Dificuldades da língua portuguesa. Por que costumamos dizer que a nossa língua é difícil? Eu, como professora de Língua Portuguesa, frequentemente escuto alguém afirmar com veemência, inclusive, que “português é muito difícil”.
De fato, há na língua portuguesa muitos, digamos, detalhes que a tornam complexa. Mas, afinal, toda língua tem um pouco de complexidade mesmo. E isso porque as línguas, todas elas, são elementos vivos que se modificam para se adequar aos falantes. E daí surgem alguns casos que geram dúvidas e até uma sensação de estarmos andando por terreno arenoso, movediço.
Um caso interessante é o da palavra grama. Essa é uma palavra que, dependendo do contexto em que é empregada, pode apresentar gênero masculino ou gênero feminino. E aí vem a dúvida: “aqui diz-se o grama ou a grama“?
Pois é. Vou contar um caso que ocorreu comigo certa vez. Eu estava no mercado, na fila de fatiados, aguardando a minha vez. E, na minha frente, tinha um garoto de uns dez ou onze anos com a mãe.
Chegou a vez deles pedirem e a mãe disse tranquilamente ao atendente:
– Por favor, trezentos gramas de presun…
O menino nem deixou a mãe terminar. Já foi logo corrigindo a pobre em alto e bom som:
– Não, mãe, você não sabe?! É trezentas gramas que se diz! Grama termina com A. Então, é feminino!

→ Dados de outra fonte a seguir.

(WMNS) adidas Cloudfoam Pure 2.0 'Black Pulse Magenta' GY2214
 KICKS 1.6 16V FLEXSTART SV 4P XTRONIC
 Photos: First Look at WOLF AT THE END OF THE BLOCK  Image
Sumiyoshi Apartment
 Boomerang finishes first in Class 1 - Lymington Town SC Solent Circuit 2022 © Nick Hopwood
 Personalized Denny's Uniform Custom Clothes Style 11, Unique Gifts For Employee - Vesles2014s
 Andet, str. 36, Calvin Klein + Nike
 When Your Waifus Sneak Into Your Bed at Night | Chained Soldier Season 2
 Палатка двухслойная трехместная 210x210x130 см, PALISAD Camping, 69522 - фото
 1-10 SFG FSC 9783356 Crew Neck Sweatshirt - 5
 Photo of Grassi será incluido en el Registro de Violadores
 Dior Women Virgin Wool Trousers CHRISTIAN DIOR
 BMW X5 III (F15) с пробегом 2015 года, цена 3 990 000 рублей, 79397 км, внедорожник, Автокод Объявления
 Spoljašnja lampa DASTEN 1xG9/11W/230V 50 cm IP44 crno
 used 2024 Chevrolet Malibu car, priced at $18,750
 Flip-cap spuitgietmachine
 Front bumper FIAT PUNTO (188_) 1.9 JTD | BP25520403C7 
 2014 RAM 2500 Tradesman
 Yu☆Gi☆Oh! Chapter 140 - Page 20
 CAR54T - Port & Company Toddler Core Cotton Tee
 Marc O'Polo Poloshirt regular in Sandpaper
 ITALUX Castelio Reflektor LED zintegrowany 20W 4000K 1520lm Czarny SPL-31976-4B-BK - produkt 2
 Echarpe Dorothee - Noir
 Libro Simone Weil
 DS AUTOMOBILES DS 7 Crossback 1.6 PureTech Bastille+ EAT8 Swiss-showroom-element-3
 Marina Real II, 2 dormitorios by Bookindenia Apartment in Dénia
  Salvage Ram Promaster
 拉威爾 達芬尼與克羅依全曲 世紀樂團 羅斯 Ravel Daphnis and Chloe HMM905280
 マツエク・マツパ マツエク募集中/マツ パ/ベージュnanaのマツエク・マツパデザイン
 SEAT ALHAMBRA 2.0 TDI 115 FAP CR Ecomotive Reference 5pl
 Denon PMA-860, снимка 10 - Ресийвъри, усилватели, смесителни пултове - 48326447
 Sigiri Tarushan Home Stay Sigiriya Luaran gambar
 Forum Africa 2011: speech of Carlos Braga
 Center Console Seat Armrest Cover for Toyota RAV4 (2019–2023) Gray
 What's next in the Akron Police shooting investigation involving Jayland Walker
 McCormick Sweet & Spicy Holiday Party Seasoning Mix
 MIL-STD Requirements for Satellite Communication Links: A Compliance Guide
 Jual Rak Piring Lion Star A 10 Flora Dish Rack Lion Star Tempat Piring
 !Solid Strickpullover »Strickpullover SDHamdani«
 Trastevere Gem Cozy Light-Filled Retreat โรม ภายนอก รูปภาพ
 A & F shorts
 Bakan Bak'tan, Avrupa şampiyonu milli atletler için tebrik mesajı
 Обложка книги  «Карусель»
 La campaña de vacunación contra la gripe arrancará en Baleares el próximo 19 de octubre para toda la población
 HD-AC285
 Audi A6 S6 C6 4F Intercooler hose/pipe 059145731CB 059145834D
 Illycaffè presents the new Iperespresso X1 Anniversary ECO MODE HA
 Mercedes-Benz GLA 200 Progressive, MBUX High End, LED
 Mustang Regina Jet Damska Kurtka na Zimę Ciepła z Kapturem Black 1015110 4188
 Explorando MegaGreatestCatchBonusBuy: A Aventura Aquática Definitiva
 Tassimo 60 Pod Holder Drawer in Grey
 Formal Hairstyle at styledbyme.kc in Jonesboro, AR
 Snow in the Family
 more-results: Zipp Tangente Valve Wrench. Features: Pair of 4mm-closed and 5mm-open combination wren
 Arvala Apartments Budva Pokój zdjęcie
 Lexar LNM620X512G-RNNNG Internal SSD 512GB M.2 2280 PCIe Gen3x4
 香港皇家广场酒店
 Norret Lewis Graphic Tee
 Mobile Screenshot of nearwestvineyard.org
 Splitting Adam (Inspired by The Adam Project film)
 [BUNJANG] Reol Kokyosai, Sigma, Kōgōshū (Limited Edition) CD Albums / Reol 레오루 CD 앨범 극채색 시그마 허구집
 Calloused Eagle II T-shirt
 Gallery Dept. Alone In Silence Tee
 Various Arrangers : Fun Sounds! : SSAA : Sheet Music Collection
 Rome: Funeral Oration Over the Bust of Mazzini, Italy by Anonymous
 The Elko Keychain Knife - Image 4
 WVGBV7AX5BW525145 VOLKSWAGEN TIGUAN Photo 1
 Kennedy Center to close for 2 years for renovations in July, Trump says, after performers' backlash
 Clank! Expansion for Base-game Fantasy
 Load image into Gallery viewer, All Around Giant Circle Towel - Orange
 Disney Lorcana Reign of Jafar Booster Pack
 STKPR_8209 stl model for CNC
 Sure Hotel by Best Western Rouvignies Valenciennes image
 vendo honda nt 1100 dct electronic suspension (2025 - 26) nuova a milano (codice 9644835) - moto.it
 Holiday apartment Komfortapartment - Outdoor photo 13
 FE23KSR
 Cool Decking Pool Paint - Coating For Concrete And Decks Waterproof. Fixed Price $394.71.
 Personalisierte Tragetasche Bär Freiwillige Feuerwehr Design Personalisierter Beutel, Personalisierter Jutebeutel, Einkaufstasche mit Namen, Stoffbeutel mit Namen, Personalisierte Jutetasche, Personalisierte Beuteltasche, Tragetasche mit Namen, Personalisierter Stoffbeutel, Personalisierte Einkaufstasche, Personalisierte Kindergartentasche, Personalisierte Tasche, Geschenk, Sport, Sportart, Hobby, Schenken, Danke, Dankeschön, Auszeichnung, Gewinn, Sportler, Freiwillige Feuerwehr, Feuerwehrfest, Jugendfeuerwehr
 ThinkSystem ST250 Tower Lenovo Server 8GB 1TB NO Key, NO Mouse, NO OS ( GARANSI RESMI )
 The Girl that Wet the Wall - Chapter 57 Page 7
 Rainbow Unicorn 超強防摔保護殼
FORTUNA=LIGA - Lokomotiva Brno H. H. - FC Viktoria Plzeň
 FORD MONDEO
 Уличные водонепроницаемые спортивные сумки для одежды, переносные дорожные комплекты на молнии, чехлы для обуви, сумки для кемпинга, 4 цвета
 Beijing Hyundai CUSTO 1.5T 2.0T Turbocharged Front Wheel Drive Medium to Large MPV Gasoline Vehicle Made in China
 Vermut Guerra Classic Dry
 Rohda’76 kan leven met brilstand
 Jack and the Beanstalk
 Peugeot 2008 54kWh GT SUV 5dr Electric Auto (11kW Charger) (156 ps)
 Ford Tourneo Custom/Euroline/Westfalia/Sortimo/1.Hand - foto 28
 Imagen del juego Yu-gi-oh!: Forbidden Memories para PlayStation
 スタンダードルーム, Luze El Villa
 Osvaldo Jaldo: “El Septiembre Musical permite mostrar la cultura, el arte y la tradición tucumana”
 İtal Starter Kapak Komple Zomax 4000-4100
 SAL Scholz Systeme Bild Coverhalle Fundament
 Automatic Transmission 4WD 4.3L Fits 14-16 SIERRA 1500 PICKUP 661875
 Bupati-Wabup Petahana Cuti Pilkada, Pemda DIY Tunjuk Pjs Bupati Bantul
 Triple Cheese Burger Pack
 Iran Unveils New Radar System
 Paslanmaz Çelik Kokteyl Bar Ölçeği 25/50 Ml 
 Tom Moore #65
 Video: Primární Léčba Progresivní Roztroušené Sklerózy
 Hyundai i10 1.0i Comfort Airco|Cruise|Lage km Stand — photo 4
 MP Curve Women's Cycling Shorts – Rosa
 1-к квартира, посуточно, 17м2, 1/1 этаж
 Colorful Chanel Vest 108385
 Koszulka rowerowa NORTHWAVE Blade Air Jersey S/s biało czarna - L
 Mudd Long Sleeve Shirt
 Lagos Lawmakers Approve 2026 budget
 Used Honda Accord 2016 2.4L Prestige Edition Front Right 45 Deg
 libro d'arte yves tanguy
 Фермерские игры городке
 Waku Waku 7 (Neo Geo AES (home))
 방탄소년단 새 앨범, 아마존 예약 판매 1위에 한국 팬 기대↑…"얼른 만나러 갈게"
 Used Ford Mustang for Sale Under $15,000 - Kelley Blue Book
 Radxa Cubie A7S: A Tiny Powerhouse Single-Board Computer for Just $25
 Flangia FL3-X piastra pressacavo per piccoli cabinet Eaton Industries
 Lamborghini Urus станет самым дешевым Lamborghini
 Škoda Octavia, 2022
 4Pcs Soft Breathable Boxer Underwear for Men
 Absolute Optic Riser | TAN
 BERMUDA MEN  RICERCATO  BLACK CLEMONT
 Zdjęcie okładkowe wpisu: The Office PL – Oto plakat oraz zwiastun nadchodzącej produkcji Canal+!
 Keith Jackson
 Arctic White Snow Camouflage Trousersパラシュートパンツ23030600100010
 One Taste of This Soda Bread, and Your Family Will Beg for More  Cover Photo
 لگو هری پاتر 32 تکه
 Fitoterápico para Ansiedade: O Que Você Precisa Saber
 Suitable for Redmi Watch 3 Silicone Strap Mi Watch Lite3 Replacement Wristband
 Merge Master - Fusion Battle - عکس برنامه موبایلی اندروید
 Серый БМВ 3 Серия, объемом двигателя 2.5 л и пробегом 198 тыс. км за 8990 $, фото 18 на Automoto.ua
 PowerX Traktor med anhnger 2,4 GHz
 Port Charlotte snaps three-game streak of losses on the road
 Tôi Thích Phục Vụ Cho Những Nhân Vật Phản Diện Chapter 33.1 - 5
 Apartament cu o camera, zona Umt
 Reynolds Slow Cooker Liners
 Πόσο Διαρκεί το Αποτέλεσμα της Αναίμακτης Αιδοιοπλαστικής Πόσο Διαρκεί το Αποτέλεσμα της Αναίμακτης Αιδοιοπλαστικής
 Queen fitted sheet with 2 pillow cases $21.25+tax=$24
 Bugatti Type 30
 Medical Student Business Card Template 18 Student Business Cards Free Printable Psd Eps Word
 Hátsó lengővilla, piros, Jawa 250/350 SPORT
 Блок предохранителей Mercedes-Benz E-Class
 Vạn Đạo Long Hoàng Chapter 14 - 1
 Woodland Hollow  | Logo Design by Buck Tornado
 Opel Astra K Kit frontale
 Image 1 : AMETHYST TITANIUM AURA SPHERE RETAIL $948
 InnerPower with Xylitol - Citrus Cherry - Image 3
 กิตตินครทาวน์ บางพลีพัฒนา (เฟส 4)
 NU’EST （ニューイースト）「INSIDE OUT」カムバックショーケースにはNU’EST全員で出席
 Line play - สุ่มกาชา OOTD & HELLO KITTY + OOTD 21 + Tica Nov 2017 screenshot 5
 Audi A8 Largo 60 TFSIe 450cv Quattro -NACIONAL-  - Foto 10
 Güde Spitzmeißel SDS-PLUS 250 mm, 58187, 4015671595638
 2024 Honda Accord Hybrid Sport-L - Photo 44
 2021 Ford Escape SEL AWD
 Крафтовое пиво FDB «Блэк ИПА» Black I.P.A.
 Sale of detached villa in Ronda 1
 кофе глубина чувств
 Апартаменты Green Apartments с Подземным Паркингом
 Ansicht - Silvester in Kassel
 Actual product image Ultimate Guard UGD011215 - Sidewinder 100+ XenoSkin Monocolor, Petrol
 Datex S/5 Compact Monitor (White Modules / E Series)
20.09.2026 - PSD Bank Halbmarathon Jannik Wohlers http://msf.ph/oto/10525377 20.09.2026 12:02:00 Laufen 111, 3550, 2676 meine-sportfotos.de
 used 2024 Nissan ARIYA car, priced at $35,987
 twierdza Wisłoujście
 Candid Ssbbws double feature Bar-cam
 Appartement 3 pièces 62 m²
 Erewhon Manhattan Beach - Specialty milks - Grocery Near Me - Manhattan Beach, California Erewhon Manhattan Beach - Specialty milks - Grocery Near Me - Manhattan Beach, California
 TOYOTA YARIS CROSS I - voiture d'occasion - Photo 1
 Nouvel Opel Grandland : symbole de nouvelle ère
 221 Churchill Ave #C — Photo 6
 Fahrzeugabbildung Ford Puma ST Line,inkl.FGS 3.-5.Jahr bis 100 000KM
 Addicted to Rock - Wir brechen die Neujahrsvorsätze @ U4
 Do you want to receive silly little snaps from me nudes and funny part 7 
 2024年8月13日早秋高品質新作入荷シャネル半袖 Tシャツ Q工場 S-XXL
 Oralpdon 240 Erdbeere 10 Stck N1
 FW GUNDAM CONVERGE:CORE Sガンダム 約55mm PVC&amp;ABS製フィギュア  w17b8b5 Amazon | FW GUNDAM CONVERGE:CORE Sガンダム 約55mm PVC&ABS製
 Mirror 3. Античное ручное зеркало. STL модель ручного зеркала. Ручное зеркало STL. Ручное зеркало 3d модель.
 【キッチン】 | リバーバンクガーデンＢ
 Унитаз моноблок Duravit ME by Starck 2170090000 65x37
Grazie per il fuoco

A mãe, muito sem graça, pediu ao menino que falasse baixo e que era “quinhentos gramas, sim!”. O menino continuou teimando e dizendo que ela não sabia, já tinha saído da escola há muito tempo, que devia ter esquecido.
Eu, ali ouvindo, me dividia entre a professora e a consumidora. Por um lado, tinha vontade de me intrometer e dizer para o menino, na minha autoridade de estudiosa da língua, que a envergonhada mãe estava certíssima.
Mesmo que a lógica dele fizesse um pouco de sentido, já que sua explicação se baseava no fato de que boa parte das palavras terminadas em A, em nossa língua, são realmente do gênero feminino.
Por outro lado, porém, só pensava que queria que a fila andasse pra poder pegar meu presunto também e continuar as minhas compras. E certamente pedir bem alto: “por favor, trezentos gramas de presunto”. Só pra poder vingar a mãe um pouquinho.
O atendente entregou o presunto para a dona com um sorriso condescendente. Ela saiu com o filho que ainda falava sobre as gramas do presunto. Pobre mãe de adolescente!…
O fato é que a palavra grama tem, sim, feminino. E tem também masculino. Até lembrei aqui da música do Pepeu Gomes agora. “Ser um homem feminino não fere o meu lado masculino. Se Deus é menina e menino, sou masculino e feminino”.
Forcei um pouco a barra com a referência à música do Pepeu, né?! Mas é que me lembrou mesmo. Afinal, grama é masculino e é feminino. Explico.
A palavra grama, quando usada no sentido de medida de peso, como no caso do mercado que contei acima, é masculina. Então, diz-se “o grama” e pede-se mesmo “por favor, trezentos gramas de presunto”.
Já quando grama é usado no sentido de mato, vegetal, é uma palavra feminina. É “a grama do jardim“, meu caro leitor. E, se você pedir ao atendente do balcão de fatiados do mercado, “trezentas gramas” de presunto, vai estar incorrendo em um erro, segundo a gramática normativa.
Como ocorreu com o menino lá no mercado. Ah… são as dificuldades da língua! Realmente ela gera esse tipo de situação e muito recorrentemente. Acontece, inclusive, de você pedir “trezentos gramas” e ser olhado com, no mínimo, curiosidade.
Porque, de tanto ouvirmos “trezentas gramas”, parece estar errado dizer do jeito certo. E, talvez, como a língua é um instrumento que se adequa ao uso do falante, um dia, o menino do mercado esteja realmente certo.